連載コラム

葉山考太郎の「新痛快ワイン辞典」 Vol.20 2019_07_19

葉山考太郎先生が1999年に出版した『辛口・軽口ワイン辞典』(日経BP社)の続編です。ワインに関する用語が、葉山先生特有の痛快な語り口で解説されています。今回は、「フ」で始まる語の上編をお届けします。

【見出し語について】
(1) アルファベットで始まる語はカタカナ表記で配列した。【例】AOC⇒エー・オー・シー
(2) シャトーやドメーヌが付くものは、それを除いた見出し語で収録した。【例】シャトー・ラヤス⇒ラヤス、シャトー
(3) 人名は、「姓+名」で収録した。【例】ロバート・パーカー⇒パーカー、ロバート



■ふ■上編

フィーヌ (Fine)
フランスのワイン生産地で作るブランデーのこと。マールと似ているが、マールはブドウの絞りカスで作り、フィーヌは余ったワインを蒸留する。フィーヌの方が高級そうだが、値段は少し安め。稀少価値はフィーヌの方が圧倒的に高いので、フィーヌを見たら「ヘェー、珍しいですねぇ」というと通の雰囲気が漂う。(関連項目:マール)

フィアスコ (fiasco)
イタリアのキアンティで見かける藁苞のワイン壷。ブルゴーニュのボトルのように首が長く、胴体が膨れている。ワイン冷蔵庫で保管する場合、立てねばならず寝かせられないので、意外に不評なのは可哀そう。英語の「fiasco」には、「大失敗」の意味もあり、日本語なら、「ワイン壷」と「ド壷」か?

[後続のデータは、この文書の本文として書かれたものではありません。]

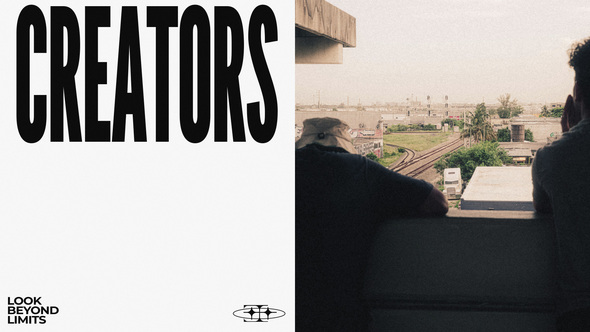 Typography Intro broadcast-packages template preview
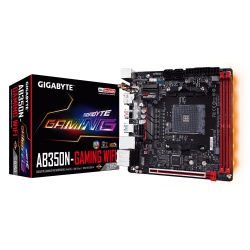 Gigabyte AMD B350 AM4 Mini ITX DDR4-SDRAM Motherboard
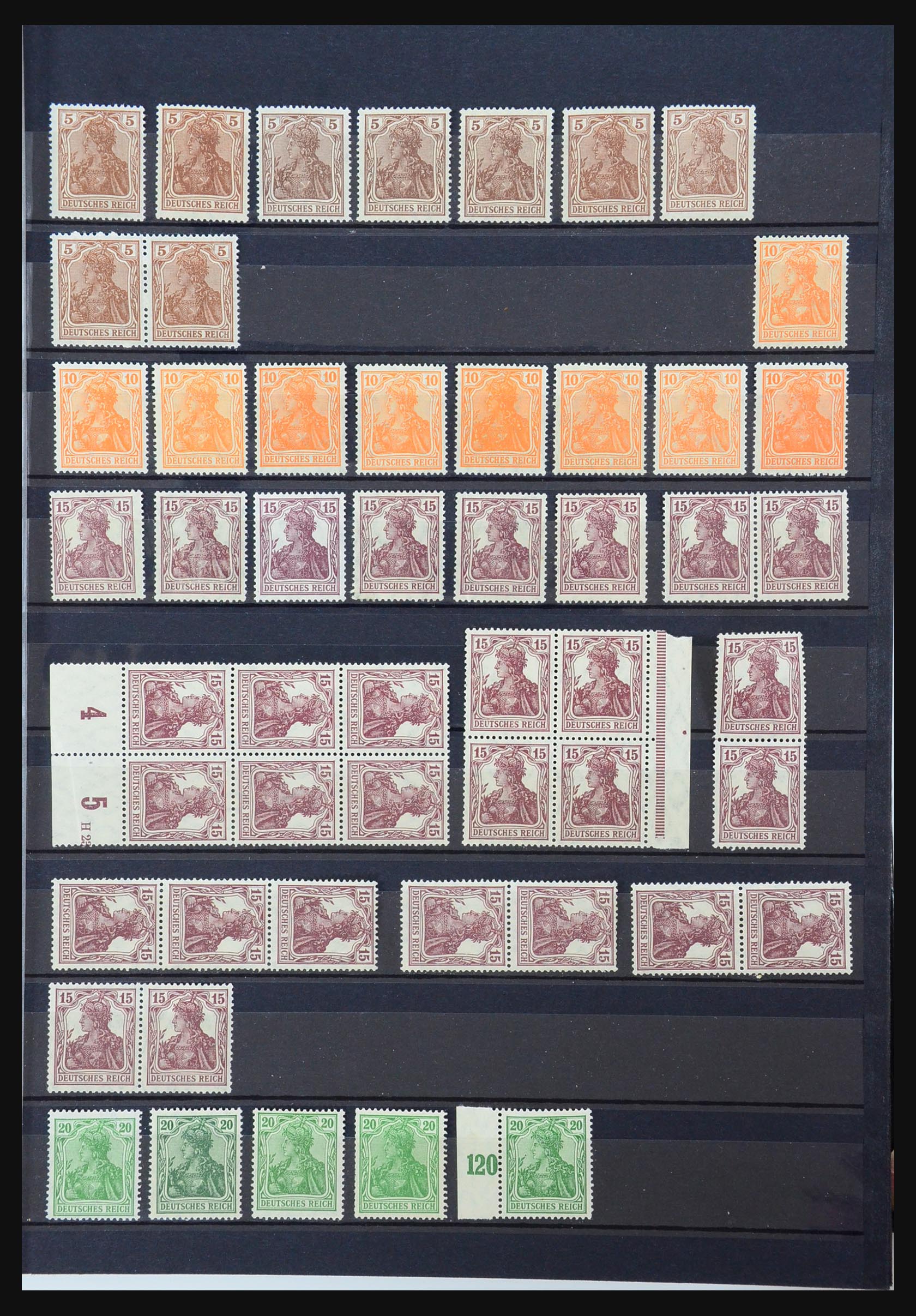 31393 009 - 31393 German Reich MNH.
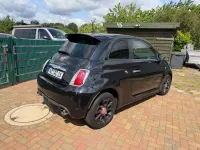Gebraucht Abarth 500 135 PS (99 kW) 2015 Schwarz Kleinwagen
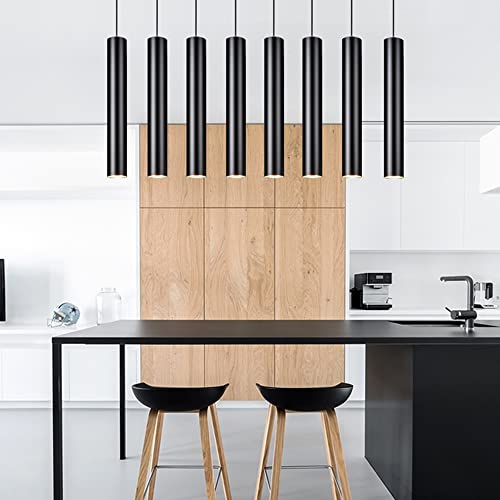 Lampe Plafond LED Puissante Solution Éclairage Cylindre Suspendu Anti Fatigue - 5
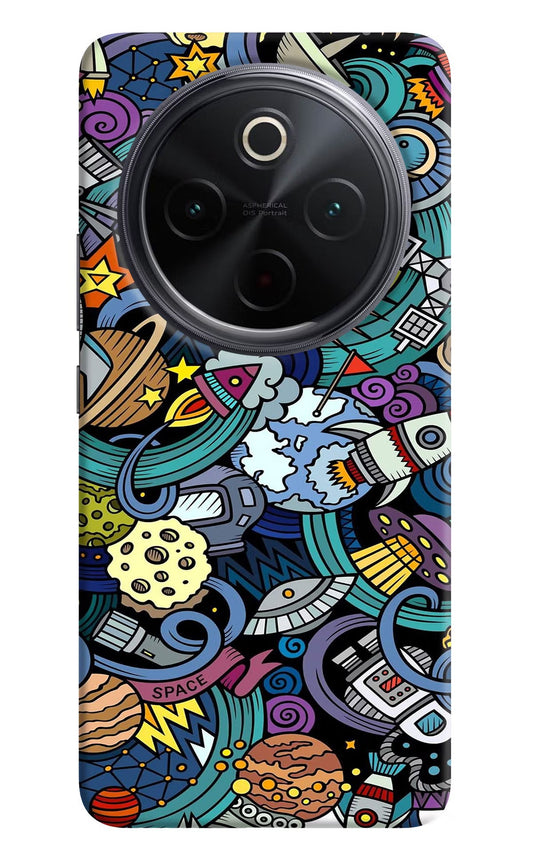 Space Abstract iQOO Z10 5G Back Cover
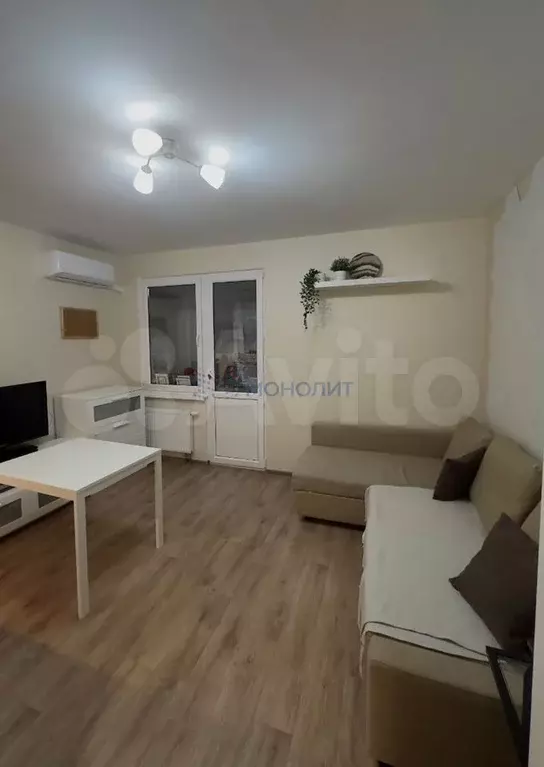 Квартира-студия, 25,4 м, 16/18 эт. - Фото 1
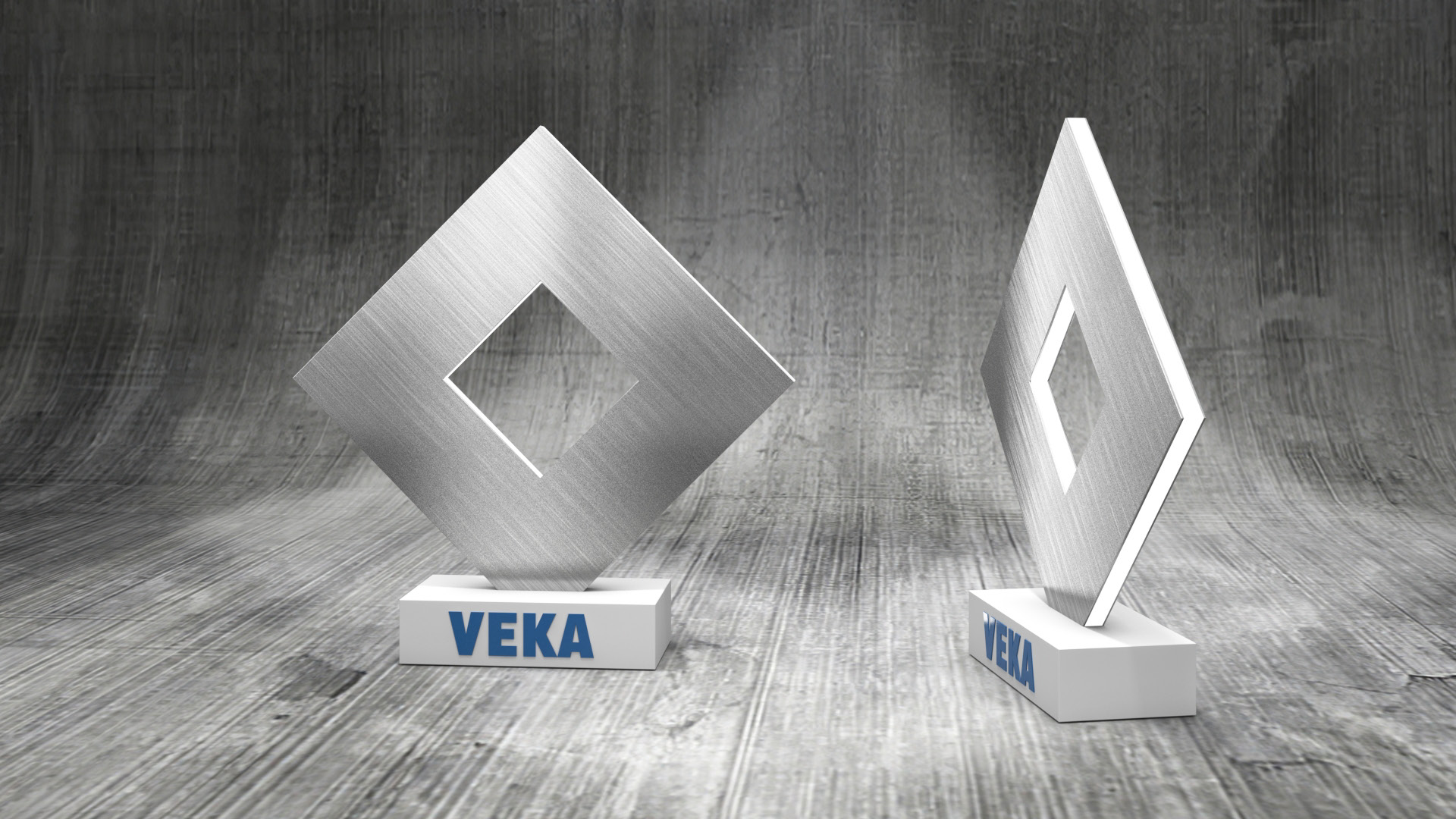 Тейблтент для компании «VEKA»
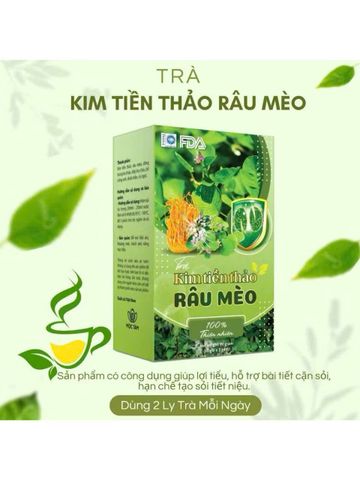 trà kim tiền thảo râu mèo nhà mộc tâm 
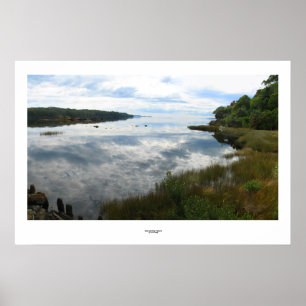 Sarah Island Sky, Tasmania Poster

フィギュア・スケートのこうこく(フィギュア・スケートの広告)
1998年度NHK杯国際フィギュア・スケートの会場で不思議な広告を見た。スケート・リンクの壁に「Bordeaux Wines」と大書した広告があり、何とその右隣に、「Tasaki」と書いた広告があった。「ヘェー、さすがソムリエ世界一の田崎さんだなぁ」と思っていたら、「Tasaki」は、「田崎真珠」のことだった。単なる偶然にしてはできすぎ?

ふいてますね(噴いてますね)
熱でワインが膨張し漏れた状態。ネックの下のネバネバを見ると、プロは反射的に「噴いてますね」と言う。噴いたワインはオダブツの可能性があるが、プロは「熟成が早まって、今がピークだ」と言いながら美味いと飲んでしまう。19世紀中頃までコス・デストゥルネルが、帆船で赤道を超えインドへ行って帰っただけのワインの評判が良かったのと同じか? レストランでは客に見せる前にネバネバを拭くので、首が異常にキレいなボトルは噴いていたかも。(関連項目:コス・デストゥルネル、鼻血、鼻水)

フィニ、レオノール (Leonor Fini)
1952年のムートン・ラベルを描いたフランス人画家。いわゆる、若く美しくて反抗的な女流画家。センスが良くてリベラルを目指す日本の女性月刊誌が好んで取り上げる三大女流画家が、マリー・ローランサン、タマラ・ド・レンピッカとこの人。薄物を着た女性を好んで描いたので、ローランサン同様、同性愛を噂された。超級美人で、お面をつけたカッコイイ写真がたくさん残っている。永井豪の古典漫画、『デビルマン』はこの写真がヒントらしい。フィニがムートンのラベルに描いた絵の真ん中にある顔は、ルイ・ジャドーのトレード・マークに雰囲気が似ている。

フィフス・ボトル (fifth bottle)
750mlボトルの英米での呼び方。文字通りの意味は、「5分の1ボトル」で、1ガロン(3,785ml)の約1 / 5 であるところから来た。日本では、ブテイユとか、レギュラー・ボトルと呼ぶ。(関連項目: 1ケース、キャール・ボトル、720ml)

フィルターろんそう(フィルター論争)
ワインの瓶詰め時にフィルターをかけるかどうかの論争。推進派、ヒュー・ジョンソンは「クリーンなワインにはフィルターが必要。そうしないと、微生物が残り二次発酵の危険性がある」と著書で書く。一方、「フィルターはワインの個性を奪う」と考えるロバート・パーカーは、『ワイン・アドヴォケイト』誌でフィルターをかけたワインを無条件に大減点するという大人気ない強硬手段に出た。二人は犬猿の仲で、互いに相手を意識している。(関連項目:ヒュー・ジョンソン、ロバート・パーカー、パーカー化)

フィロキセラ(バイオ・タイプA)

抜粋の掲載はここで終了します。